* _Exercise_: Among the records below, find each line bearing the word "example" and copy it.

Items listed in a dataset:
- - - -

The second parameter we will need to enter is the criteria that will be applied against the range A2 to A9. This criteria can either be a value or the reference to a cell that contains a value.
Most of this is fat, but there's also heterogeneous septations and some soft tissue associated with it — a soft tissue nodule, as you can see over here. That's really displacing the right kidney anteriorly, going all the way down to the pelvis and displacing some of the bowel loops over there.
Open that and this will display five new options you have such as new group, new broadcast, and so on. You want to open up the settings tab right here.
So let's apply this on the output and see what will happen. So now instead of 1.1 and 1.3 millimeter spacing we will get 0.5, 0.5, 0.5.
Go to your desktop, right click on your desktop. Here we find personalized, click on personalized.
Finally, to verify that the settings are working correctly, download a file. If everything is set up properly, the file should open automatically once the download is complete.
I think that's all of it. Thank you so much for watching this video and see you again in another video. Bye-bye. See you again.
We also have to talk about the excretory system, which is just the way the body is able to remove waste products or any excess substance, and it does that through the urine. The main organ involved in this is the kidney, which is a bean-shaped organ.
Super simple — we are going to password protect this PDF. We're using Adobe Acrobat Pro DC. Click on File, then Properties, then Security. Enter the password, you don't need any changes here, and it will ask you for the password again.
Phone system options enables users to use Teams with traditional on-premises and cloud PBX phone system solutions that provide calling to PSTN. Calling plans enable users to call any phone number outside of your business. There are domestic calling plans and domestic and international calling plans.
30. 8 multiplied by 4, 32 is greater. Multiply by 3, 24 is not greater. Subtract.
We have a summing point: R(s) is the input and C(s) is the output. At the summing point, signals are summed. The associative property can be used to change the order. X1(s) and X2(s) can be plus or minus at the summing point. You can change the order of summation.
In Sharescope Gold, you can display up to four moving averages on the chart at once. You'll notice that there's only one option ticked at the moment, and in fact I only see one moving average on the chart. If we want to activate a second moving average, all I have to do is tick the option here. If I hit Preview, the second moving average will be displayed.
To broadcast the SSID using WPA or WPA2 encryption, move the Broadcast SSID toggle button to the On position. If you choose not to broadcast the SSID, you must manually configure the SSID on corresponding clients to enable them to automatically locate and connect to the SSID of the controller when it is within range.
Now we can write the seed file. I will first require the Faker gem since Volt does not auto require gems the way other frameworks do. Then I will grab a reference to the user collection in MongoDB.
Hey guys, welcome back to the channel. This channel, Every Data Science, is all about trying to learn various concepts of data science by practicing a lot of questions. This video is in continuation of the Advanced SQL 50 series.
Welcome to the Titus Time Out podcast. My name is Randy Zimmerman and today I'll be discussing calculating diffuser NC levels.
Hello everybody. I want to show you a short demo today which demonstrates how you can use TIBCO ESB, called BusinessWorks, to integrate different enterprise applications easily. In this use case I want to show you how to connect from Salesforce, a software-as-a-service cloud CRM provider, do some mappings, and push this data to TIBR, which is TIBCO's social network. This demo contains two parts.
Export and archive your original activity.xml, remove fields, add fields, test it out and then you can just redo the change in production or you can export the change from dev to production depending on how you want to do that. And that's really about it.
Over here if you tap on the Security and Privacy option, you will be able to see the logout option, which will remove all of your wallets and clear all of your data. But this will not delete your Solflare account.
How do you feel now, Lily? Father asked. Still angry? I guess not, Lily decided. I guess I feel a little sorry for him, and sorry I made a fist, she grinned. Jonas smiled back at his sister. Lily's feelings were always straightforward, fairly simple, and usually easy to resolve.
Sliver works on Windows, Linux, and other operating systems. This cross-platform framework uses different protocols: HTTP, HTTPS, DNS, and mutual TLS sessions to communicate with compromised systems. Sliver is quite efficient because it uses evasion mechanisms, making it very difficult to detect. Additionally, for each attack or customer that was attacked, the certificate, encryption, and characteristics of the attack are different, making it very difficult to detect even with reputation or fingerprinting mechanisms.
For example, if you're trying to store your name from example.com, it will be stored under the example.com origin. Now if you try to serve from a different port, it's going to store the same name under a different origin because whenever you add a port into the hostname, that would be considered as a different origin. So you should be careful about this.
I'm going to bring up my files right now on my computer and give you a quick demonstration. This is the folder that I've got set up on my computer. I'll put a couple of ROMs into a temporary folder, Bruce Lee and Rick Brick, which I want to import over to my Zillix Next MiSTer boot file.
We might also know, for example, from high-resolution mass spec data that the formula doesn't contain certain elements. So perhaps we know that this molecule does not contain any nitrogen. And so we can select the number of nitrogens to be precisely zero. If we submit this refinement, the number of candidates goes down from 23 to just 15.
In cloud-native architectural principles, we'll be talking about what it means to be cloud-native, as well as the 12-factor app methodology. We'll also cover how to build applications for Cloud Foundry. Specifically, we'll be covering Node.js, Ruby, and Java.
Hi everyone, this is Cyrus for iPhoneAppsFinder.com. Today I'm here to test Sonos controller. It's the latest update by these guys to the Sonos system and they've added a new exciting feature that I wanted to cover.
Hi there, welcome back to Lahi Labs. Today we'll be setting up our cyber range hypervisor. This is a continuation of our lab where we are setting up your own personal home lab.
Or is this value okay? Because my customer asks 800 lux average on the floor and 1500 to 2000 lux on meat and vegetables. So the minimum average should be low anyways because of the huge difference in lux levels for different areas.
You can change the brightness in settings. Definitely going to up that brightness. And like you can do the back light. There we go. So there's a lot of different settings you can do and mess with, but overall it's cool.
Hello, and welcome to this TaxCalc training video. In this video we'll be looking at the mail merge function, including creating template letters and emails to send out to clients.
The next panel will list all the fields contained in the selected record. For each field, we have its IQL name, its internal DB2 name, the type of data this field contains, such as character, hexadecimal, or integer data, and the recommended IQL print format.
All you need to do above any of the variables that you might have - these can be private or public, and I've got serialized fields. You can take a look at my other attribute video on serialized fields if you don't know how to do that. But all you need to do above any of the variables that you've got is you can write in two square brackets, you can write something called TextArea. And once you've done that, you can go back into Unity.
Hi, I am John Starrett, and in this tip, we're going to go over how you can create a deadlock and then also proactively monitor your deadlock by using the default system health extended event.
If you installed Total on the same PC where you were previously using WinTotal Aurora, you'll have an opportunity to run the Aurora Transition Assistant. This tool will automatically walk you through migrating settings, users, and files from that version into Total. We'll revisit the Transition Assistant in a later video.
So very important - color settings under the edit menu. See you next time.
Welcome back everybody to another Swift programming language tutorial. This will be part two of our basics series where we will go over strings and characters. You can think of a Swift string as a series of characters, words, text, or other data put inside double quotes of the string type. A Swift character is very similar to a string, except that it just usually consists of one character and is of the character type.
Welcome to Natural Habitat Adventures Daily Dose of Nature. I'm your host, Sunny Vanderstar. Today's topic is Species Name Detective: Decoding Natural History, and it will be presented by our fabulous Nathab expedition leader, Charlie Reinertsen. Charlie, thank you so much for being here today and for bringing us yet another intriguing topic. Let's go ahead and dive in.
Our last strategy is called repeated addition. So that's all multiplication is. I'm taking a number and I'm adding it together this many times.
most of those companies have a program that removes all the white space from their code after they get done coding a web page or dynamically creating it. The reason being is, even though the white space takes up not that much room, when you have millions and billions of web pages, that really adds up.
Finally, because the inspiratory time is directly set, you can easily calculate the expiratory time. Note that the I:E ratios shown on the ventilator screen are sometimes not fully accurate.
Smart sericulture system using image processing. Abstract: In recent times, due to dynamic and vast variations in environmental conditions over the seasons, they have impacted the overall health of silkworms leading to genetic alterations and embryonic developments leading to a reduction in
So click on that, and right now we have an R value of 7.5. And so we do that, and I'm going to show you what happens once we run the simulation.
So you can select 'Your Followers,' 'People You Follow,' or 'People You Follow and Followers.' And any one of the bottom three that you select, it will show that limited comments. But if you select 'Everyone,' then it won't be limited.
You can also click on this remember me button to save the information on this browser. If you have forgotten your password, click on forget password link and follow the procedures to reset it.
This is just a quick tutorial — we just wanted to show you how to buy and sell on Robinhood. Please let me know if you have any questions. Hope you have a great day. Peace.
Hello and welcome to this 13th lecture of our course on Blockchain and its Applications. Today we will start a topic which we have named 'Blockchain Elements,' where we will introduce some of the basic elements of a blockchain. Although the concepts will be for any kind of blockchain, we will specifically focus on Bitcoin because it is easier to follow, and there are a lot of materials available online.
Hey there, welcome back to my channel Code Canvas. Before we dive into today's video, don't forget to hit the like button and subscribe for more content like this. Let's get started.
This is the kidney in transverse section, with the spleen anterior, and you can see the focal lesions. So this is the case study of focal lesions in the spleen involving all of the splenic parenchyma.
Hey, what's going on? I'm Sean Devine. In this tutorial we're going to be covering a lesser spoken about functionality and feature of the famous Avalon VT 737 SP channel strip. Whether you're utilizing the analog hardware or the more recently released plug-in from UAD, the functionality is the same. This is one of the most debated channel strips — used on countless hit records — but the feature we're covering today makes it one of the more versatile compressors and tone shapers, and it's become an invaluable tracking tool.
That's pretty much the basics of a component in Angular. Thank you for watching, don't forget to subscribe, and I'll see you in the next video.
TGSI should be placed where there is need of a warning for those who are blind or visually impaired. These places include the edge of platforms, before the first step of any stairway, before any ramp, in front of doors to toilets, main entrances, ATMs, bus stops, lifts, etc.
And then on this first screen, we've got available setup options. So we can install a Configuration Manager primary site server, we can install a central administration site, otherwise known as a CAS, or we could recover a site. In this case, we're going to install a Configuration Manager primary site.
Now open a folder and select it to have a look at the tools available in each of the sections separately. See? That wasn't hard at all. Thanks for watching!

- - - -

* _Result_:
For example, if you're trying to store your name from example.com, it will be stored under the example.com origin. Now if you try to serve from a different port, it's going to store the same name under a different origin because whenever you add a port into the hostname, that would be considered as a different origin. So you should be careful about this.
We might also know, for example, from high-resolution mass spec data that the formula doesn't contain certain elements. So perhaps we know that this molecule does not contain any nitrogen. And so we can select the number of nitrogens to be precisely zero. If we submit this refinement, the number of candidates goes down from 23 to just 15.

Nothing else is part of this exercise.